A group of physicists from the United States and Japan argued that, according to their calculations, there is a 50% probability that the time will "cease to flow" in the next 3.7 billion years. However, other theorists are extremely skeptical about their conclusions, calling the authors "sophists."
The universe was formed approximately 13 billion years ago as a result of the Big Bang and since then continuously expanded. Also, all data from the observable part of space suggest that this expansion is accelerated, which means that the universe will expand indefinitely.
Rafael Bousso of the Center for Theoretical Physics, University of California at Berkeley and his colleagues rebelled against the idea. In their article posted in the electronic library at Cornell University, they claim that the infinitely expanding universe cannot exist because the laws of physics do not work in infinite space. For these laws to make at least some sense, the universe must be finite, and they calculated the most probable date when it will end.
Endless inflation (expansion of the universe) has several important consequences. Any event in it, which has non-zero probability, will happen an infinite number of times, the scientists say. But if there is an infinite number of each possible observation, it becomes impossible to determine the probability of any event. The laws of physics simply do not apply to this situation.
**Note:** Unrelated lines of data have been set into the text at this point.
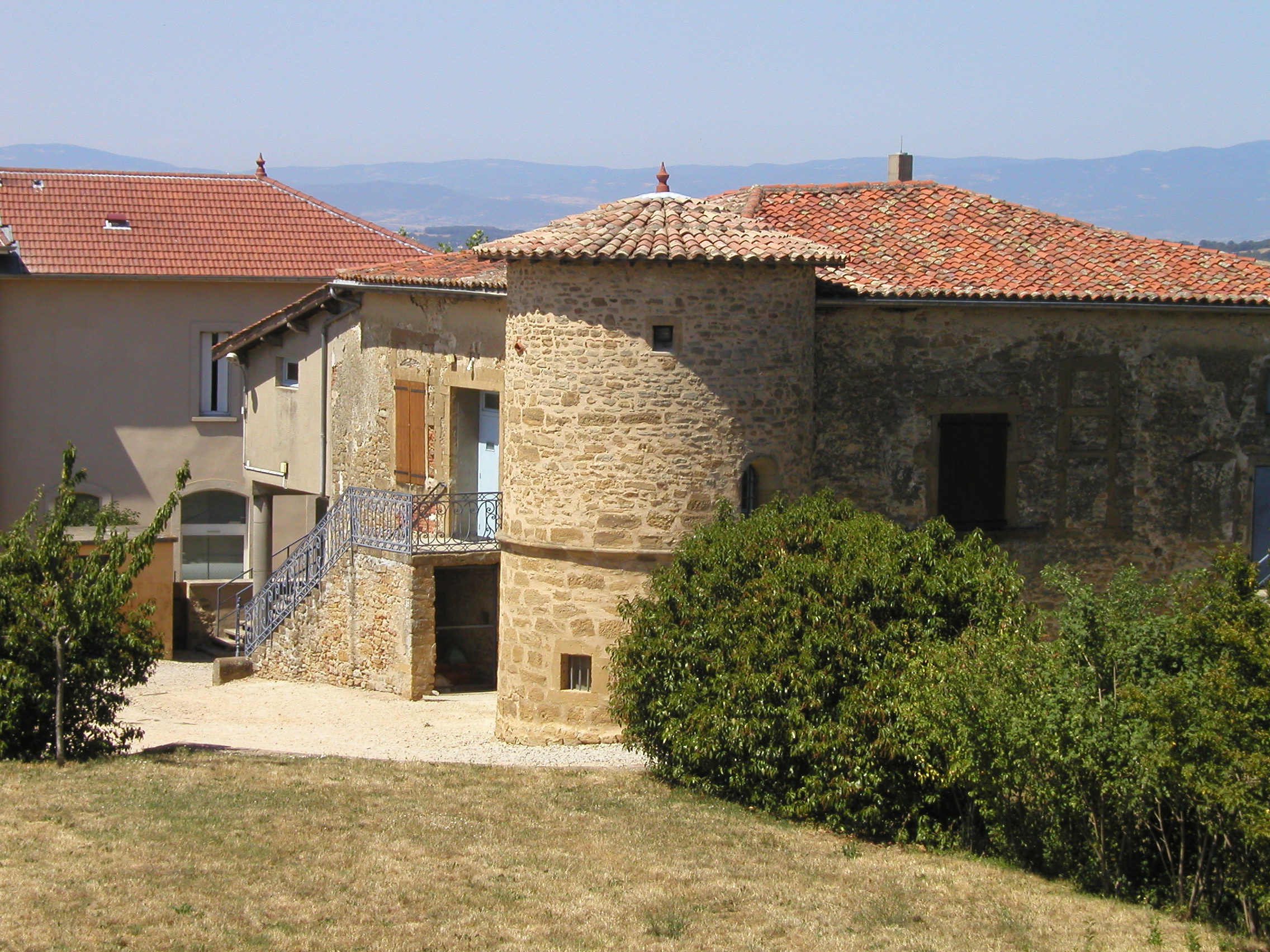 Maison forte foyer rural 19 07 2003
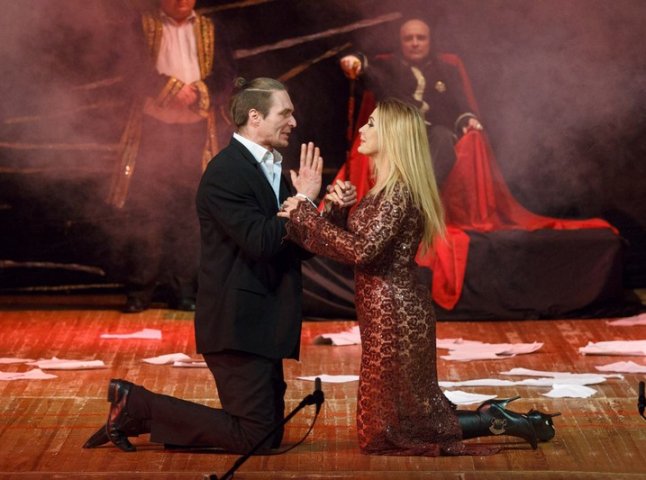 Сьогодні в Ужгороді покажуть легендарну виставу "Майстер і Маргарита", головну роль в якій зіграє Ольга Сумська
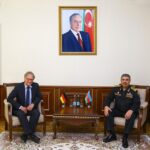 Azərbaycan Respublikasının Müdafiə naziri general-polkovnik Zakir Həsənov və Almaniya Federativ Respublikasının ölkəmizdəki fövqəladə və səlahiyyətli səfiri Volfqanq Maniq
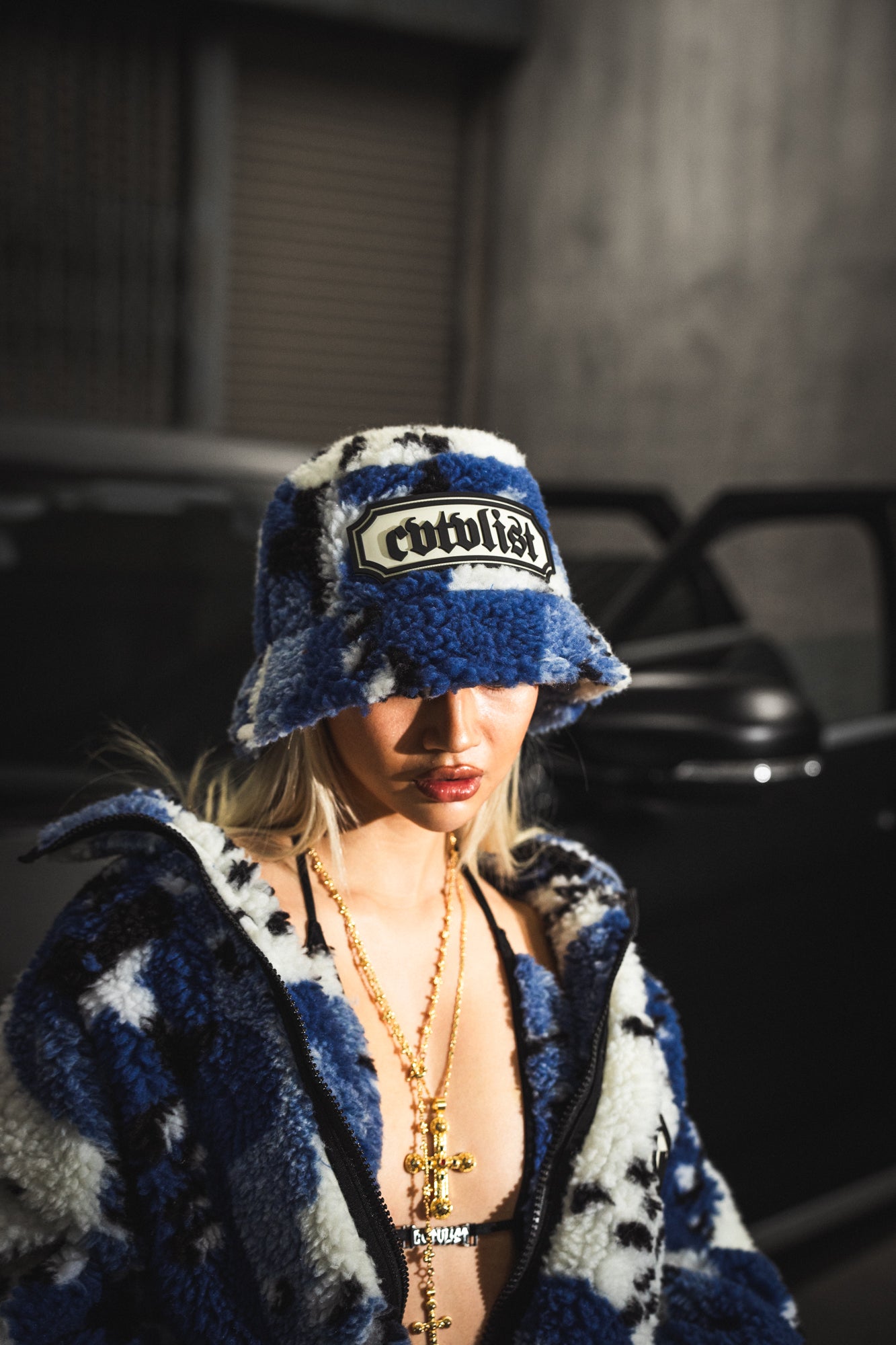 Bob Bom Fleece Bucket Hat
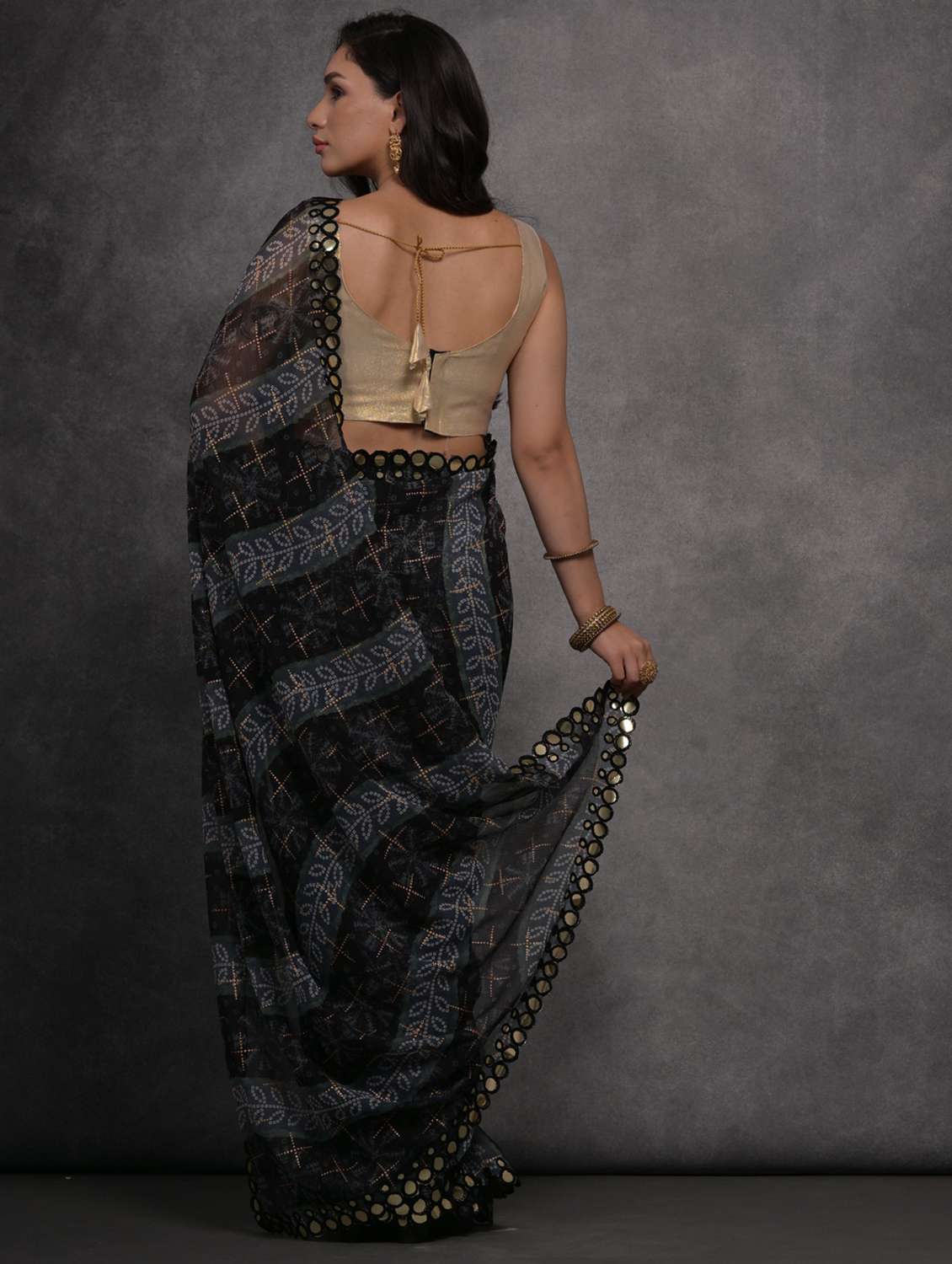 women printed casual wear saree with blouse - 22062975 -  Standard Image - 1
The only way out of this conundrum, the authors of the article say, is to assume some type of disaster that would end the universe. Then all the probabilities again become meaningful and the laws of physics will regain power. The time is unlikely to come to an end in our time, but there is a 50% chance that the time will stop in the next 3.7 billion years, they wrote. This means that the end of times will happen during the lifetime of the Sun and the Earth.
However, Rafael Bousso points out that although it is unknown what type of disaster will lead to the end of time, humanity will not be able to see when it happens. In other words, people "will fly into" the disaster at full speed before they have time to see some of its impact.
Other theorists are extremely skeptical of this work, as well as other works of Bousso. "He is a fan of sophistry, a modern Zenon," said Alexei Starobinsky, chief researcher of the Institute of Theoretical Physics of Landau. According to him, the statement of the authors that if there is the end of time, it cannot be observed in normal human understanding means that there is no end of our time there.
Starobinsky notes that Bousso and his team have misunderstood the phrase "eternal inflation."
"It must be understood not literally, but in high philosophical sense - as we understand the thesis "matter is eternal." But our universe (or more precisely - the observable part) was at the inflationary stage in the past for a finite period of time," said the scientist.